El incidente ocurrió en la sexta entrada, con los Phillies liderando 1-0. Justin Crawford conectó un rodado lento hacia primera base, y tanto Young como McLean salieron a buscar la pelota. Young, al intentar asegurar la base, se vio sorprendido por la carrera de McLean, quien al reanudar su movimiento impactó directamente la cabeza del primera base con su rodilla.
La escena fue de pánico. Young cayó de frente y permaneció sin reaccionar, lo que movilizó de inmediato al cuerpo médico y al mánager Andy Green. Jugadores de ambos equipos observaron con profunda preocupación, con algunos como Francisco Lindor y Francisco Álvarez mostrando gestos de angustia.
“Fue aterrador estar ahí sentado y saber que en ese momento él no estaba con nosotros. Simplemente estaba en otro lugar”, declaró Lindor, visiblemente afectado por la situación. La gravedad del golpe hizo temer lo peor, y la atención se centró en la pronta recuperación del jugador.
Tras varios minutos, Jared Young recuperó la conciencia y, para alivio de los presentes, logró levantar el pulgar mientras era retirado del campo en camilla. A pesar de este gesto tranquilizador, fue trasladado de urgencia a un hospital para una evaluación médica exhaustiva.
Los estudios iniciales, incluyendo una tomografía computarizada, descartaron lesiones mayores que pudieran poner en riesgo su vida o integridad física a largo plazo. Sin embargo, el diagnóstico médico confirmó que Young sufre de una conmoción cerebral, una lesión que requiere tiempo y reposo para su recuperación.
El mánager Andy Green confirmó que, si bien el jugador conserva movilidad completa en extremidades y ha recuperado la conciencia, la conmoción cerebral pone fin a su temporada 2026 de manera anticipada. “Los resultados de las tomografías fueron los que queríamos, los que los médicos esperaban. Está lidiando con una conmoción que toma tiempo”, explicó Green en conferencia de prensa.
La lesión de Young representa un duro golpe para los Mets, quienes ya se encuentran fuera de la contienda por la postemporada. El primera base, de 31 años, había logrado establecerse como un jugador regular en su primera campaña completa en las Grandes Ligas, dejando un promedio de bateo de .266, nueve jonrones y 39 carreras impulsadas en 103 partidos.
Esta temporada ya había sido interrumpida para Young por una lesión previa en la rodilla izquierda, que lo mantuvo fuera del campo por seis semanas. Ahora, la conmoción cerebral cierra su participación en 2026, obligando al equipo a afrontar los últimos compromisos de la campaña sin uno de sus elementos clave.

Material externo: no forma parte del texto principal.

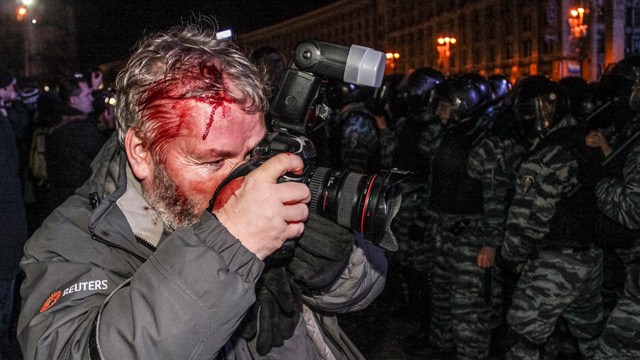 Wounded photographer at Kiev protest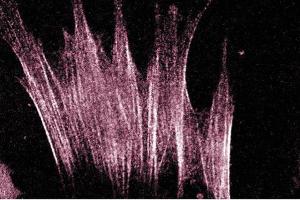 Immunofluorescence staining of human fibroblasts. (ARHGAP5 anticorps  (AA 1102-1214))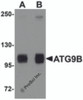 Western blot analysis of ATG9B in HeLa cell lysate with ATG9B antibody at (A) 1 and (B) 2 &#956;g/mL.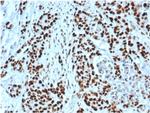 MSH2 Recombinant Rabbit Monoclonal Antibody (MSH2, 6549R)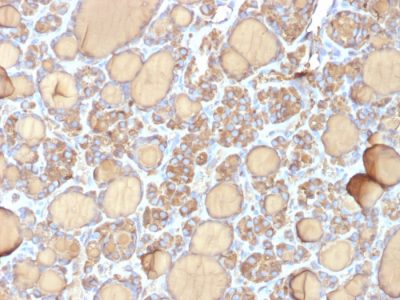 Formalin-fixed, paraffin-embedded human Thyroid stained with Thyroglobulin Mouse Recombinant Monoclonal Antibody (r6E1).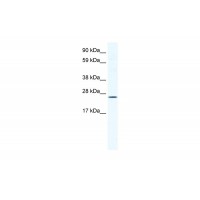 Antibody used in WB on Mouse NIH-3T3 at 1.25 ug/ml.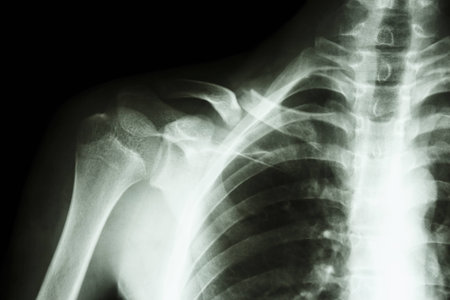 film x-ray right clavicle collarbone    show fracture right clavicleの写真素材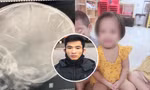 Vụ bé gái 3 tuổi ở Hà Nội bị đinh găm vào đầu: Nghi phạm lì lợm, quanh co chối tội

El incidente también afectó al pitcher Nolan McLean, quien, a pesar de no ser directamente responsable, se mostró visiblemente afectado por la colisión. Aunque completó la entrada, Green decidió sustituirlo para la siguiente, reconociendo el impacto emocional del suceso en el jugador.
La MLB, a través de sus protocolos de seguridad, enfatiza la importancia de la atención inmediata y el seguimiento riguroso de las conmociones cerebrales. Este tipo de lesiones, aunque comunes en el deporte de contacto, siempre generan preocupación por sus posibles secuelas a corto y largo plazo.
El caso de Jared Young subraya la fragilidad del cuerpo humano incluso en disciplinas donde la fortaleza física es primordial. La recuperación de una conmoción cerebral es un proceso individualizado que varía de paciente a paciente, y los médicos suelen ser cautelosos al determinar el regreso a la actividad deportiva.
Los Mets ahora deberán enfocarse en finalizar la serie contra los Phillies y cerrar la temporada regular enfrentando a los Texas Rangers y los Washington Nationals, mientras evalúan las opciones para cubrir la ausencia de su primera base en los partidos restantes.
La temporada 2026 de Jared Young, que prometía ser un punto de inflexión en su carrera, termina de forma abrupta, dejando una nota de preocupación y cautela en el ambiente deportivo.